The famous (or, rather, infamous) oaths that run through the entire ritual
of Masonic initiation are more than mere promises based on personal honor.
They formally invoke the Deity, and have for their object a man's total
commitment to a cause under the direst sanctions. The Catholic Church sees
in such oaths an inescapable grave evil. Either the oaths mean what they
say or they do not. If they mean what they say, then God is being called
to invert by His witness loyalties (viz., to Church and to State) already
sanctioned by Him. If the oaths are merely fictitious, then God is being
called to witness to a joke.
It is not the secrecy of what goes on "behind the lodge door"
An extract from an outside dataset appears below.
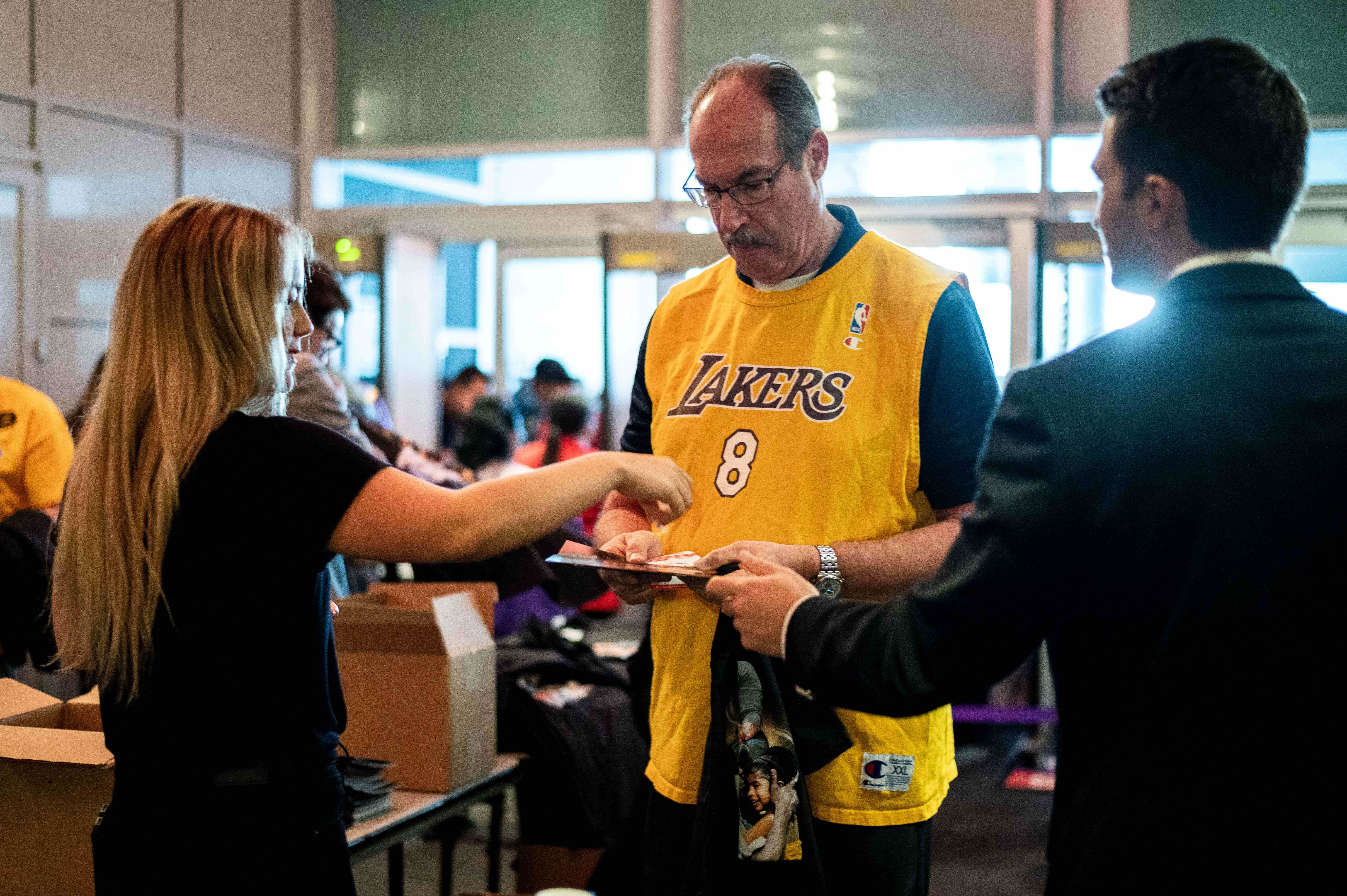 Kobe Bryant wears Eagles fandom on his sleeve after Los Angeles Lakers loss  to Sixers (PHOTO)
that elicits and justifies the Church's condemnation of Masonry. It is
rather the formal violation of the Second Commandment which these proceedings
inescapably entail. The vaunted Masonic secrets, moreover, are scarcely
that secret any longer. There is in fact a frequent Masonic plea to the
effect that there are no secrets in Masonry -- that all is open to a truly
open mind. On this point we may take the Mason at his word: he is speaking
more truly than he knows!
The case for the Catholic Church's condemnation of Freemasonry is open
and clear. By its very nature as formulated in its philosophical statements
and as lived in its historical experience, Masonry violates the First and
Second Commandments of God. It worships not the One True God of revelation
-- Father, Son, and Holy Spirit -- but a false god, symbolically transcendent
but really immanent: the "god" called "Reason." And
it invokes without adequate cause the Name of the One True God. After such
a case as this, to cite the secrecies of initiation and the further secrecies
of machination called "conspiracy" is not only anti-climactic,
it is beside the point.
To conclude: we Catholic should now see the Masons more clearly for
what they essentially are. They are the heirs (unwitting or otherwise is
irrelevant) of a religion which purports to be the one religion of the
one "God" -- and therefore the enemy, intrinsically and implacably
so, of Catholicism. Freemasonry in its modern mode is "modernity"
in the deepest (i.e., the philosophical and religious) sense of that term.
It is, in a word, "Counterfeit Catholicism." For its "God"
is the "Counterfeit God": the one who would be as God, the one
who is the prince of this world, the one who is the Father of Lies.
- The English edition which I used was published in Philadelphia in 1856.